He had come into the season trying to be realistic about his NHL chances as a teenage defensemen. But so far it's gone better than anyone could have anticipated.
"It's been a bit of a surprise for him to be able to probably bite off and handle this much early on, but that's OK," Sweeney said. "In our eyes, we look at it and say the opportunity was there and he's taken advantage of it."

He has taken particular advantage of being paired with Chara, something that has been integral to his development, one mammoth defenseman alongside another, youth and experience and drive and knowledge mixing to yield a partnership that has worked for each.
"At first it was a little bit surreal, but now I'm just at the point where I go out there and I know that I have to do my job," Carlo said. "I take pride in going against those top lines and having the opportunity to shut them down. At first it was pretty crazy looking across the ice, seeing [Jaromir] Jagr or [Steven] Stamkos. But those nerves have settled a little bit."
Playing with Chara has been a huge help to his development.
"[Chara] has been tremendous for him," Julien said. "I think you have to credit [Chara] for giving him that kind of confidence to have a good start.
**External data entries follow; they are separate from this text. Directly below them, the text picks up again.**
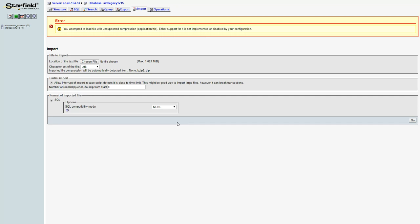Then click go, it's going to upload the file, I guess in this case this one is complaining about that zip file.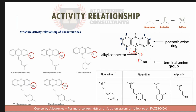Substitution on the gamma carbon increases anticholinergic activity and decreases dopaminergic antagonism. So if a question asks which structure has more anticholinergic activity, it will be the one with a substituent — such as a methyl group — on the gamma carbon.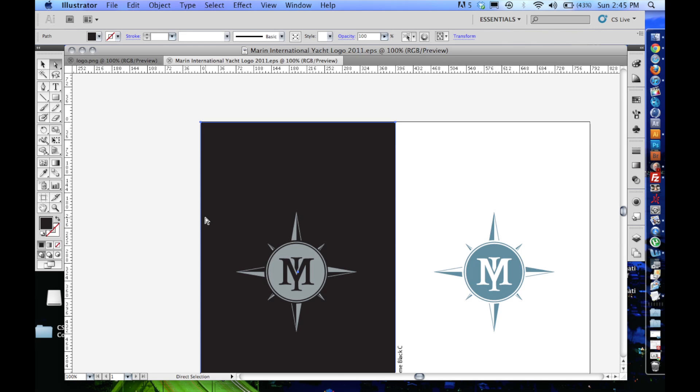Hey, how's it going? On today's episode, I'm going to show you how to create an animated 3D logo in Cinema 4D using vectors from Adobe Illustrator.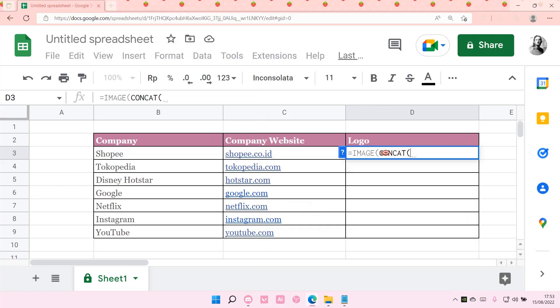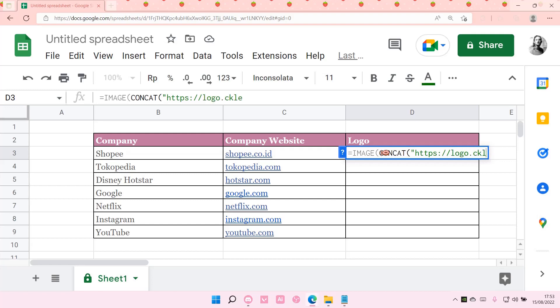And then you're going to add in a quotation mark and you're going to type in this website which is logo.clearbit.com slash and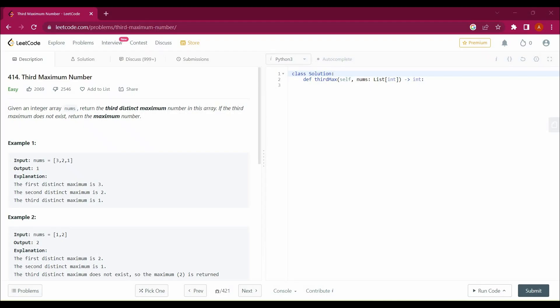Hello guys, my name is Arsalan, welcome back to my channel. Today we are going to solve a new LeetCode question: Third Maximum Number, with the help of Python. Before we start, please subscribe to the channel, hit the like button, press the bell icon, and bookmark the playlist so you can get updates from the channel.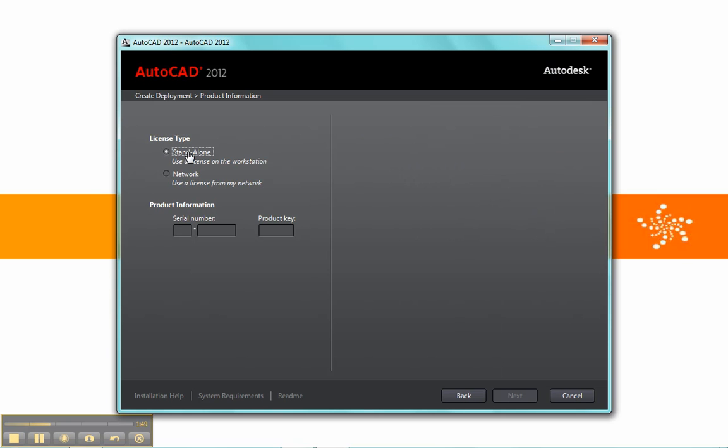Now if you choose Standalone, you'll need to have a correct serial number, because once you try to activate your license, it will use whatever is typed in here to create that activation code. Now in my case, I don't have a serial number, and it will accept all ones. And I can even activate by calling Autodesk, getting an activation code with all ones. So I technically don't have to have the correct serial number, but it does make life a little bit harder when you're using a Standalone.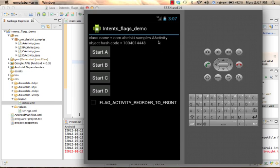It can be either A activity, B activity, C activity or D activity. We can also see the hashcode, an indication for the object we are dealing with.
At the same time you also have to credit Brandon for giving [Chara] maybe the energy, the life of a young player being with him."
Together they've helped bolster a team that often has struggled to score. It has provided the jump that Chara has needed, the start that Carlo has needed, the stability the Bruins have needed.
Two weeks ago the Carlo family traveled to Boston. Ricci, Carlo's under-16 coach, received a text message from Angie, Carlo's mother, letting him know that they had gone back to Pagliuca's, the brick-and-tomato-sauce-laden restaurant in the North End of Boston that had hosted the team four years ago.
The same photographs that were on the walls then still are there, the same stars and role players, the same fading autographs. One more is on the way. Soon Carlo will be up there next to Chara, just as Ricci said he would.